New guidance requires closer look at climate impacts from activities on public lands

The U.S. is the second-largest producer of coal in the world, thanks in part to massive surface mines like this one in Wyoming. Photo courtesy BLM.
New guidance for federal agencies will require closer scrutiny of climate impacts of developments on public land. Photo courtesy BLM.

CEQ updates NEPA rules with an eye toward greenhouse gases

Staff Report

Public land managers and other federal agency decision-makers will no longer be able to shy away from considering climate change as they consider new projects.

Saying that emissions from any given proposal are only a small fraction of global emissions “is not an appropriate basis for deciding whether or to what extent to consider climate change impacts under NEPA,” the White House Council on Environmental Quality wrote in new guidance that directs agencies to quantify greenhouse gas emissions and to choose alternatives for projects that minimize climate impacts.

The guidance applies to the National Environmental Policy Act, a 1970 law sometimes referred to as the environmental Magna Carta. NEPA, as it’s know for short, requires all executive federal agencies analyze and disclose the environmental impacts of projects, and, when possible, to choose an alternative that’s least harmful to the environment. It also provides a framework for robust public participation in those evaluations.

The new guidance acknowledges the nature of the climate challenge: “the fact that diverse individual sources of emissions each make a relatively small addition to global atmospheric GHG concentrations that collectively have a large impact … Agencies should not limit themselves to calculating a proposed action’s emissions as a percentage of sector, nationwide, or global emissions in deciding whether or to what extent to consider climate change impacts under NEPA.
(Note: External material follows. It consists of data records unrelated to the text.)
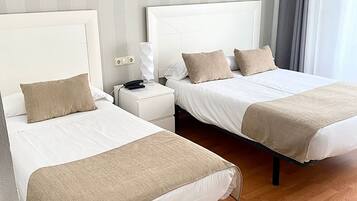 Triple Room | Desk, free WiFi, bed sheets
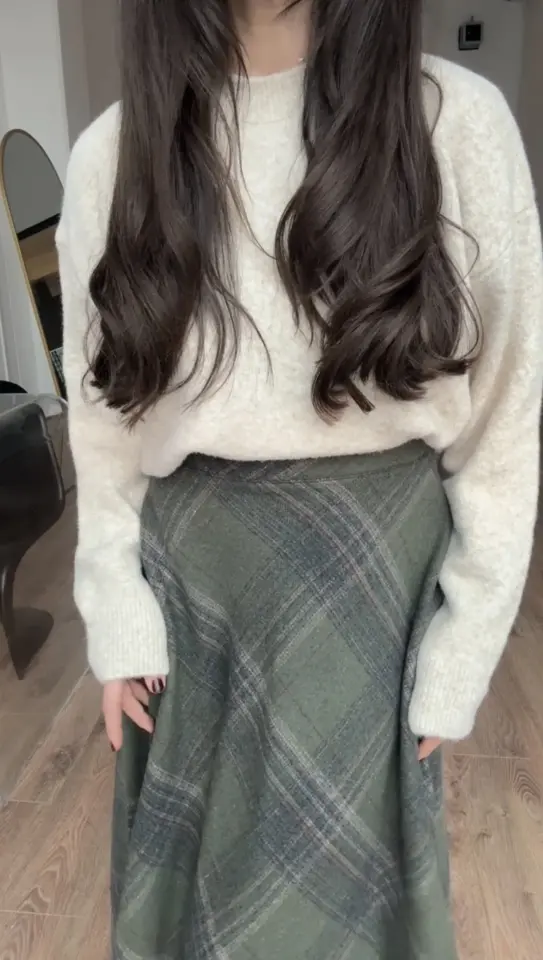 Yeşil tonlu tok dokulu çan etek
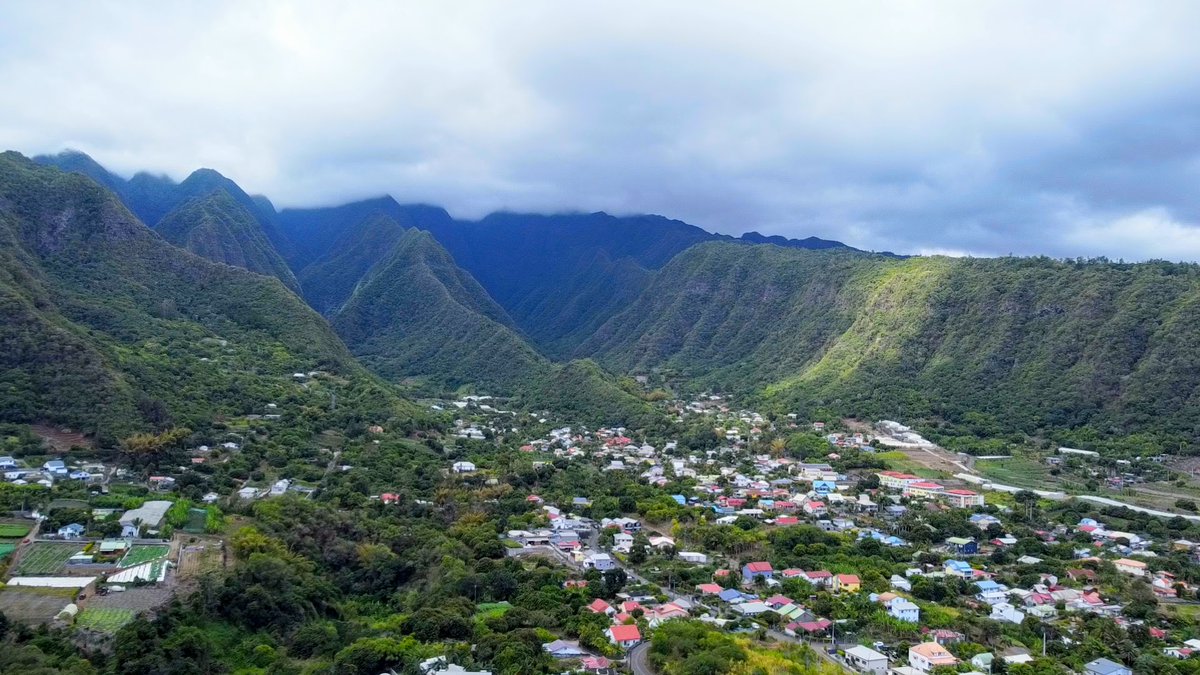 L'Entre-Deux au pied des montagnes 🌄

Nouvelle vidéo sur Youtube : youtu.be/iea6Nz9fLj4
.
#lareunion #ileintense #reuniontourisme #reunionisland #igerslareunion #igersfrance #naturelove #EntreDeux #LaReunion #îledelareunion #villagecreole #montagne #rivière #culturecreole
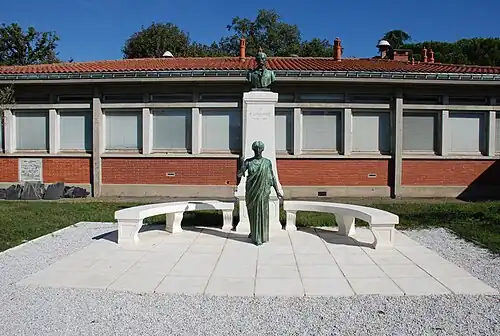 Monument Laulanié dans le carré de Physiologie de l'ENVT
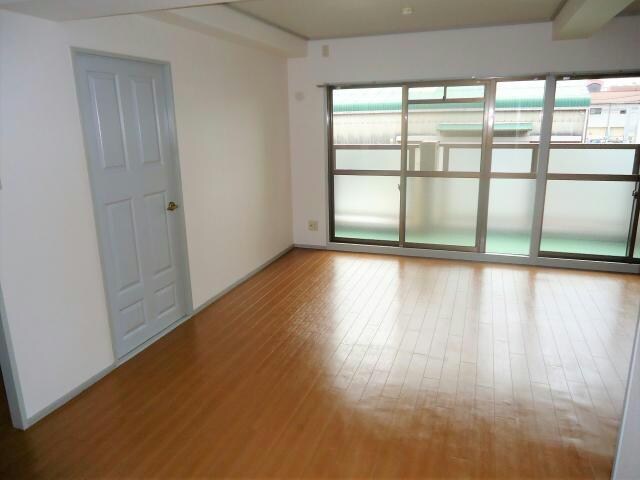 グランドミール中小田井の物件内観写真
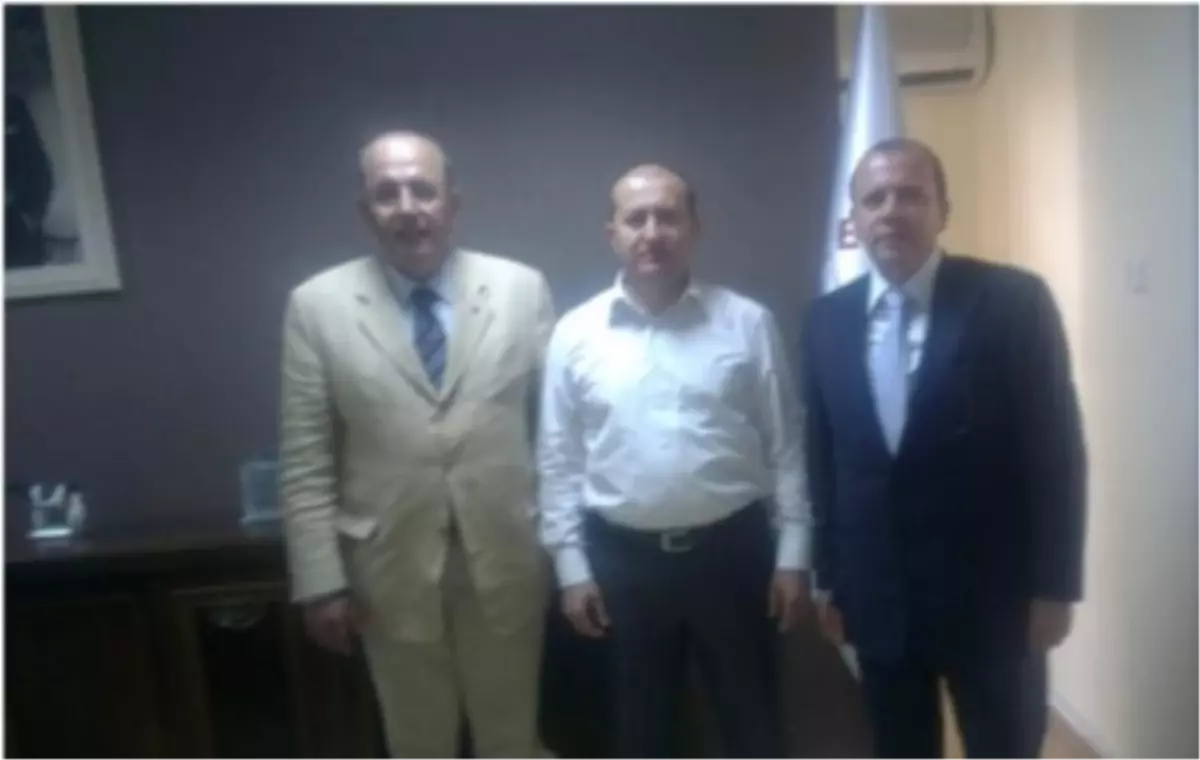 Bursa Ticaret Borsası Yönetim Kurulu Başkanı ve Meclis Başkanı\'ndan Genel Müdüre Ziyaret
In press statement, the Natural Resources Defense Council hailed the new guidance as a “game-changer” in ongoing efforts to address climate impacts.

“Now federal agencies must fully and properly analyze the climate impacts of their proposed actions before deciding on how to proceed,” said NRDC president Rhea Suh. “They shouldn’t approve mines that will destroy the climate, or bridges that will get washed away. Climate change is the central environmental challenge of our time, and these guidelines can pave the way for smart policies that better protect our children, our health and our communities from dangerous carbon pollution and climate catastrophe.”

The guidance makes it clear that there are common and widely accepted tools that can be used to quantify emissions on various scales, from local to global.

Agencies should not only consider the direct, but also the indirect and cumulative impacts. In the case of a new coal mine, that could mean taking into consideration the emissions that will result from the combustion of the coal. In the case, for example, of a ski area expansion, U.S. Forest Service officials might have to consider the additional emissions that will result from additional chairlift operations and even from the additional traffic generated by skiers traveling to the resort.

This is how CEQ described the new guidance in a fact sheet. In addition to providing agencies with a reasoned approach as to how to describe climate change impacts, the guidance:

  • Advises agencies to quantify projected greenhouse gas emissions of proposed federal actions whenever the necessary tools, methodologies, and data inputs are available;
  • Encourages agencies to draw on their experience and expertise to determine the appropriate level (broad, programmatic or project- or site-specific) and the extent of quantitative or qualitative analysis required to comply with NEPA;
  • Counsels agencies to consider alternatives that would make the action and affected communities more resilient to the effects of a changing climate; and
  • Reminds agencies to use existing information and science when assessing proposed actions.